An incontestability clause limits the reasons an insurer can cancel coverage, usually related to innocent omissions. It has a time limit of 2-3 years, but does not protect against deliberate fraud. Invoking the clause may lead to an investigation into the omission’s intent.
An uncontestability clause is a type of provision that is often included in various types of health and life insurance policies. The clause limits the scope of reasons an insurer may choose to cancel coverage, usually in relation to some sort of omission or error on the part of the covered party. Typically, an incontestability clause places limits on how much time can elapse after the contract is entered into and the omission is discovered. When the fault is discovered after the indicated period of time has elapsed, the problem cannot be used as a reason for canceling coverage.
The idea of the no contest clause is to minimize the ability for insurers to cancel policies in order to avoid claims based on omissions which were most likely innocent and do not constitute an attempt by the policyholder to defraud the supplier . With most insurance plans that include this provision, a time limit of two to three years after the establishment of coverage is considered sufficient. If no problems have occurred during that period which would reveal any omissions on the part of the covered party, the scope of coverage would remain in effect and be subject to any claims made by the insured or its legal representatives.

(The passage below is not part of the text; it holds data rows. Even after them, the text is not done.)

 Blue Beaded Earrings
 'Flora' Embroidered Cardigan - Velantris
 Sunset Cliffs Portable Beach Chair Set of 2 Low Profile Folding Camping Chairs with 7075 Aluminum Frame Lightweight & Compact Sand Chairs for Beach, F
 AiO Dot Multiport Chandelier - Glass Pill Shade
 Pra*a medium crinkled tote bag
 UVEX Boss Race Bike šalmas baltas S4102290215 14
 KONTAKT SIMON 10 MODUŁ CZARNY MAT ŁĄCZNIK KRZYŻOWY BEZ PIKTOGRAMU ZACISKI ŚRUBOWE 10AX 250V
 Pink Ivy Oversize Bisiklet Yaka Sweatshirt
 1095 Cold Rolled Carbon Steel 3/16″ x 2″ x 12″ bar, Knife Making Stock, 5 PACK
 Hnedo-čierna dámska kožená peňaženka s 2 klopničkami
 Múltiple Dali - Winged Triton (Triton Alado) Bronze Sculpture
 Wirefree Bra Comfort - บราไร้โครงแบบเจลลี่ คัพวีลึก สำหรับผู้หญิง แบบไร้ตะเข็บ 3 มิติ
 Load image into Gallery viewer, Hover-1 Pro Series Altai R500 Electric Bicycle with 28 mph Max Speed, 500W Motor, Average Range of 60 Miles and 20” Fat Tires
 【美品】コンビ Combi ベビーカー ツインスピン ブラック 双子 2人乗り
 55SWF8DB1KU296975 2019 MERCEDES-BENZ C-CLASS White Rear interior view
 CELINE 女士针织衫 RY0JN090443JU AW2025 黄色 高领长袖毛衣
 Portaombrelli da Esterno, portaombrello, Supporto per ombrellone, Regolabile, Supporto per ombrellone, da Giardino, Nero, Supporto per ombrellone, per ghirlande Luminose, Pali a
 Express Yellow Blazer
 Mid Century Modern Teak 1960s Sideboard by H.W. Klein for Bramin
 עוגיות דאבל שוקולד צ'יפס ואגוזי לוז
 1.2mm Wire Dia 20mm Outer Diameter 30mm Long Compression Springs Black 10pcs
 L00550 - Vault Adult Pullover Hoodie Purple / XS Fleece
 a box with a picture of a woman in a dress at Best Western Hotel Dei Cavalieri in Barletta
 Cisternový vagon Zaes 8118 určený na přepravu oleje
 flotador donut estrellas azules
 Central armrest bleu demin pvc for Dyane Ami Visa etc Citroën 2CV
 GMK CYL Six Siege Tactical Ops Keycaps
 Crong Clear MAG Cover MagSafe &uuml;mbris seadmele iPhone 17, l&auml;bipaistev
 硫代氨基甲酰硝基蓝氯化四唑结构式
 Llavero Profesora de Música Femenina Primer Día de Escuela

The incontestability clause does not protect the policyholder from cases where attempts are made to defraud the insurer. This would include the deliberate supply of false information which is intended to establish a basis for future claims which do not comply with the terms and provisions within the policy. For example, if the insured was aware of a pre-existing health condition at the time the health insurance plan was set up and chose to deny that the condition existed in order to claim benefits at a later time, this could be considered an attempt to defraud. In these circumstances, the insurance company may cancel the policy and may also have grounds to bring a lawsuit against the former customer.
Invoking the clearing clause can sometimes lead to an inquiry into whether the omission was actually done without willful misconduct or whether the action was intended to create a situation which would enable the policyholder to receive benefits which he would not be otherwise authorized to collect. The complexity and duration of the investigation will depend on the circumstances of the problem as well as the amount of the claim which led to the question of the accuracy of the data provided to the insurer. During this period, the policy is generally considered still in force, but any claims made on the plan are generally kept under review pending the outcome of the investigation.